Your instructions: Copy the closing run of lines, from the one with "Tường kính trong" through the last line of the listing, exactly and without any pictures.

Supplied records:

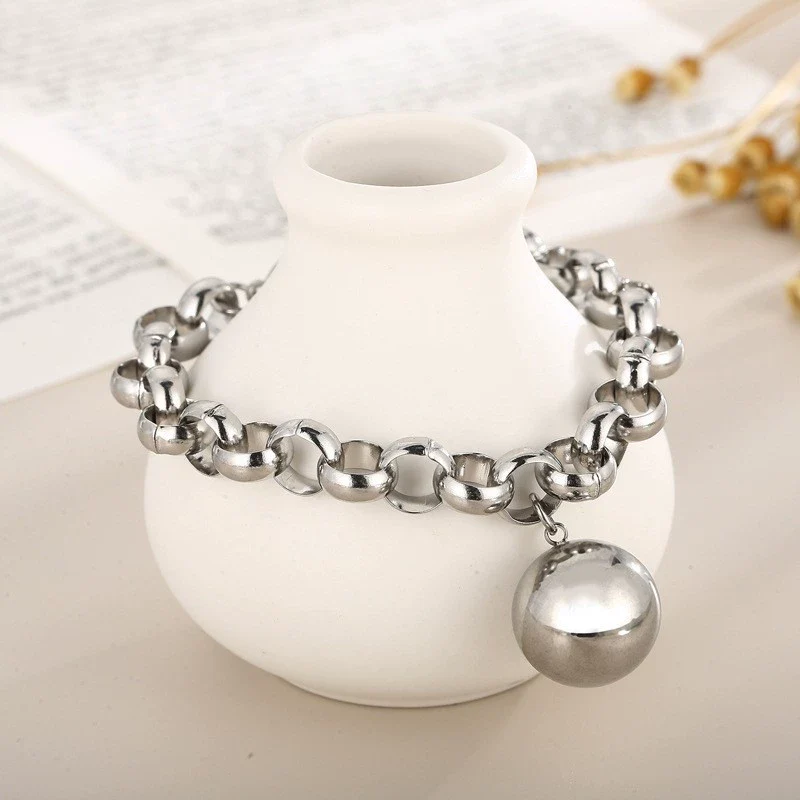 Women's Fashion Jewelry Twopiece Set With Titanium Steel And Pearl Chain And Large Ball Design - Image 10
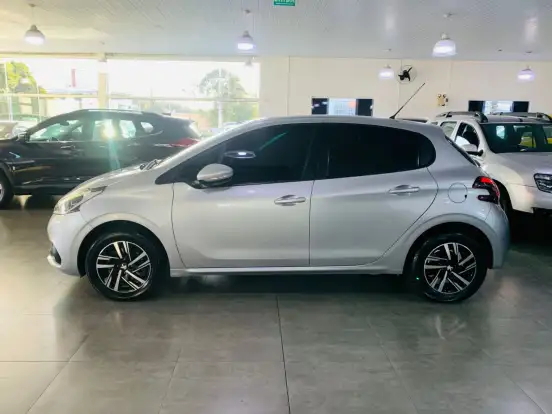 PEUGEOT-208-1.6 ALLURE 16V FLEX 4P AUTOMÁTICO PEUGEOT-208-2016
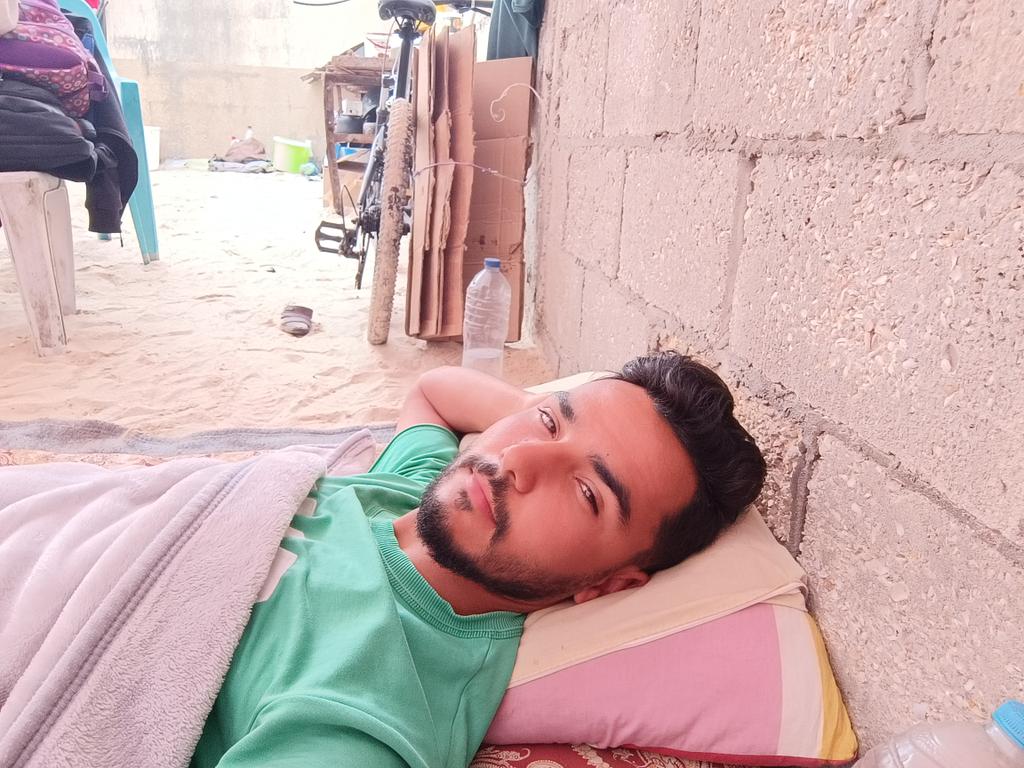 mohmaad_fayz99's tweet image. My family and I live in this tent in the Gaza Strip in the middle of the war and we need your help, my friends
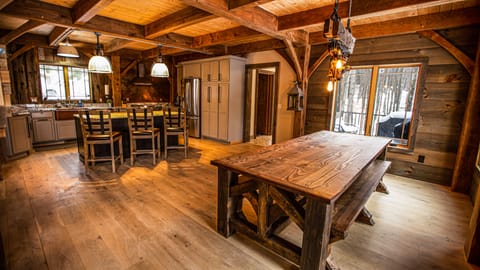 10-12 person dinning table 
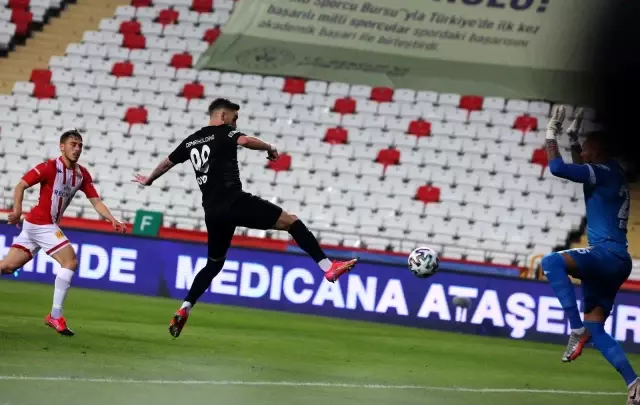 Ahmet Oğuz'dan taçtan asist! Ahmet Oğuz'dan taçtan asist!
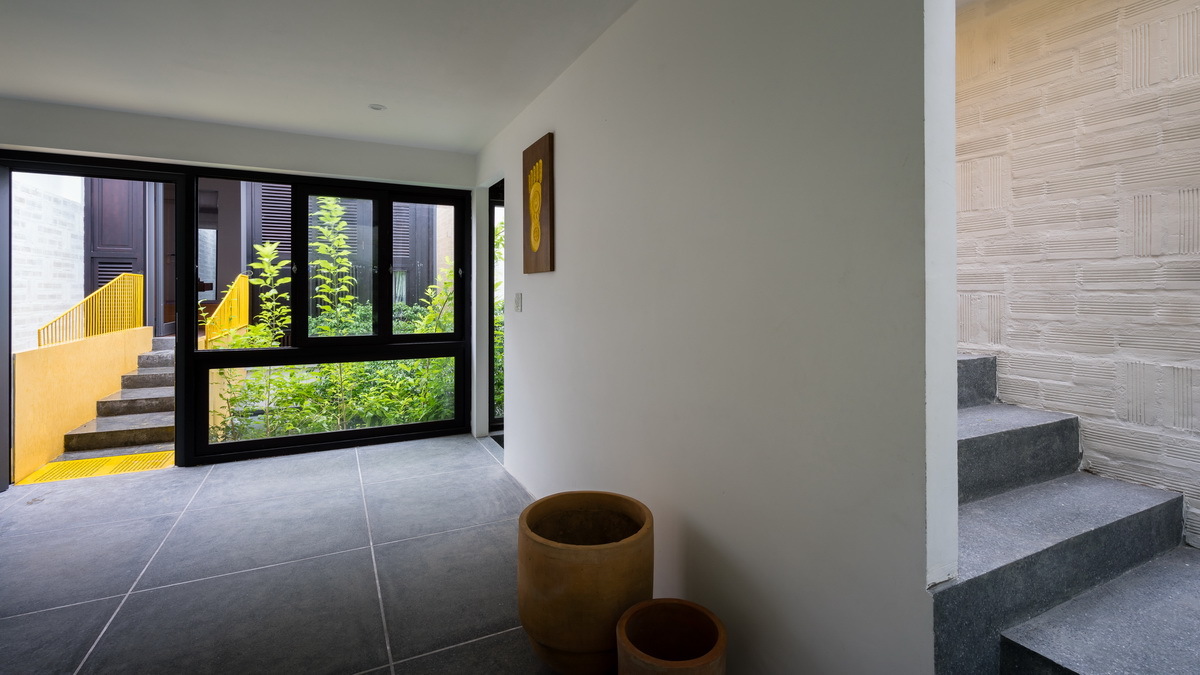 Tường kính trong suốt cho phép ánh sáng tự nhiên được phân bổ đều khắp không gian nhà.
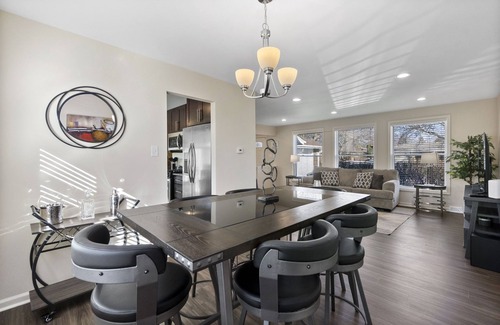 Matteson House | Matteson Rental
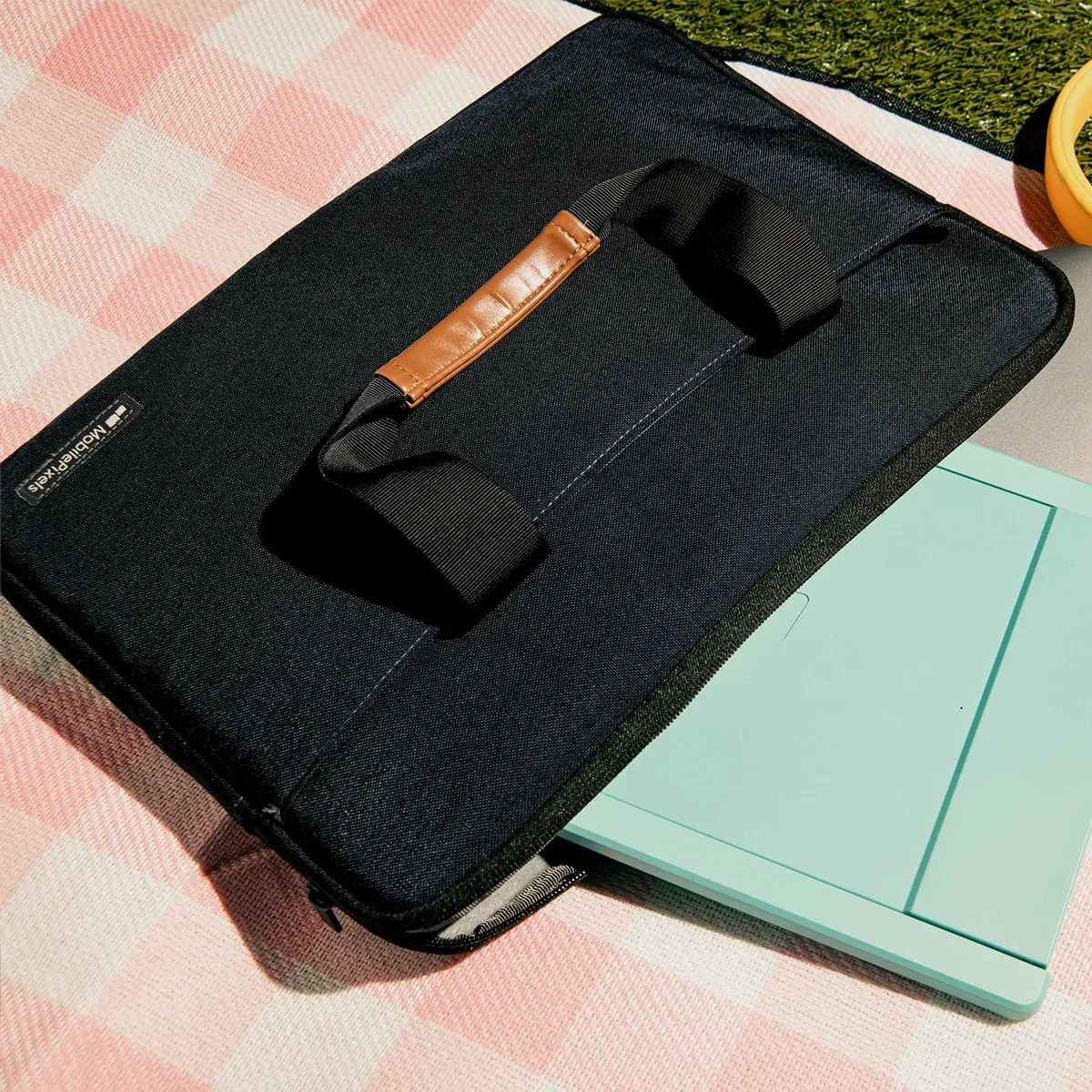 Laptop Sleeve Case with Handle - Image 7
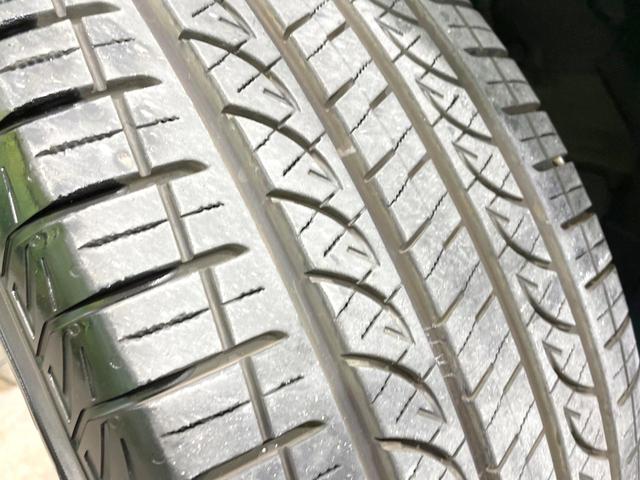 ＲＡＶ４ ハイブリッドアドベンチャー　４ＷＤ　禁煙車　トヨタセーフティーセンス　サンルーフ　純正９型ＤＡ　全周囲カメラ　純正１９インチアルミ　Ｂｌｕｅｔｏｏｔｈ　シートベンチレーション　レザーシート　ブラインドスポットモニター　ＥＴＣ（24枚目）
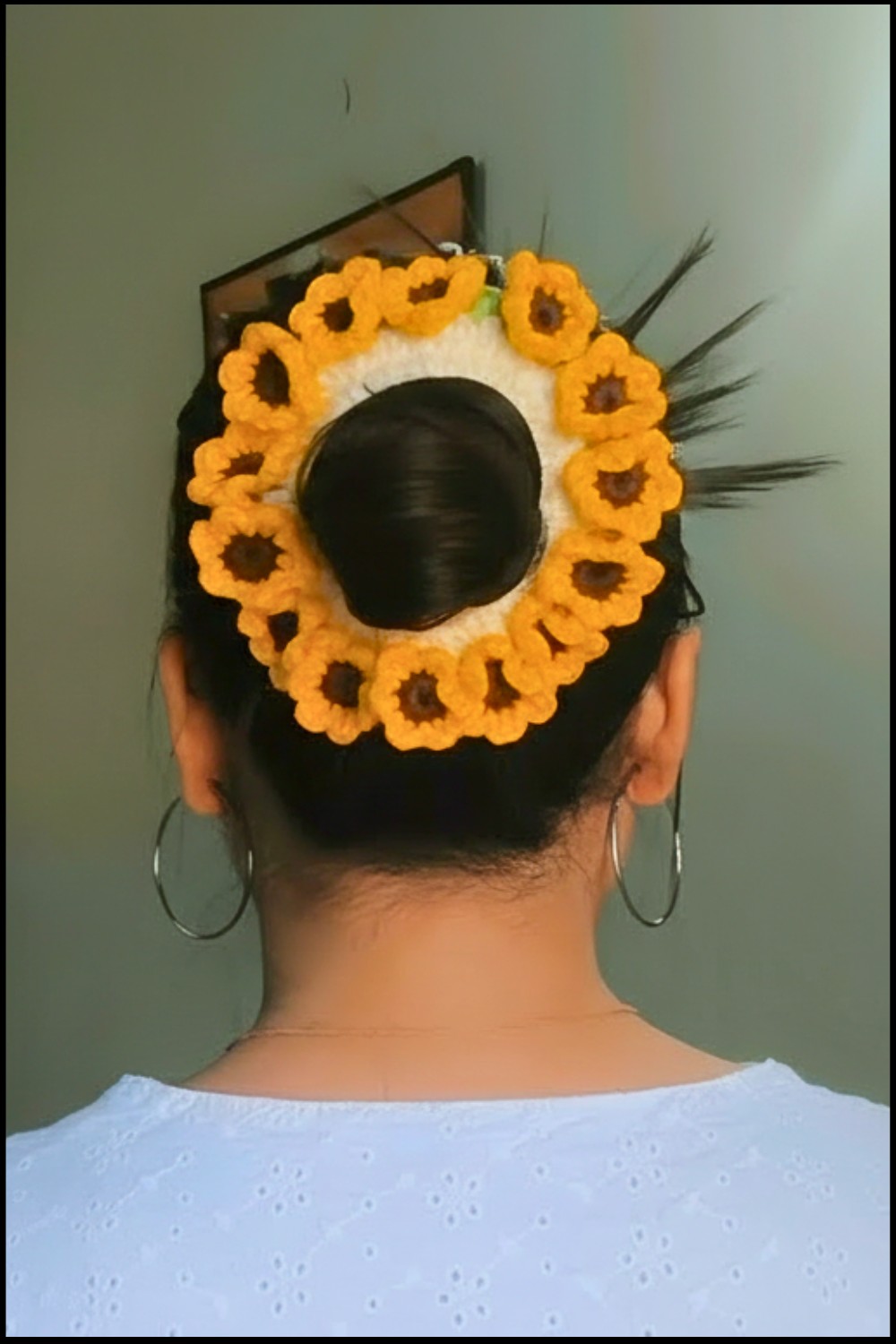 Crochet Sunflower Scrunchie Pattern 2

Response for this exercise:
 Tường kính trong suốt cho phép ánh sáng tự nhiên được phân bổ đều khắp không gian nhà.
 Matteson House | Matteson Rental
 Laptop Sleeve Case with Handle - Image 7
 ＲＡＶ４ ハイブリッドアドベンチャー　４ＷＤ　禁煙車　トヨタセーフティーセンス　サンルーフ　純正９型ＤＡ　全周囲カメラ　純正１９インチアルミ　Ｂｌｕｅｔｏｏｔｈ　シートベンチレーション　レザーシート　ブラインドスポットモニター　ＥＴＣ（24枚目）
 Crochet Sunflower Scrunchie Pattern 2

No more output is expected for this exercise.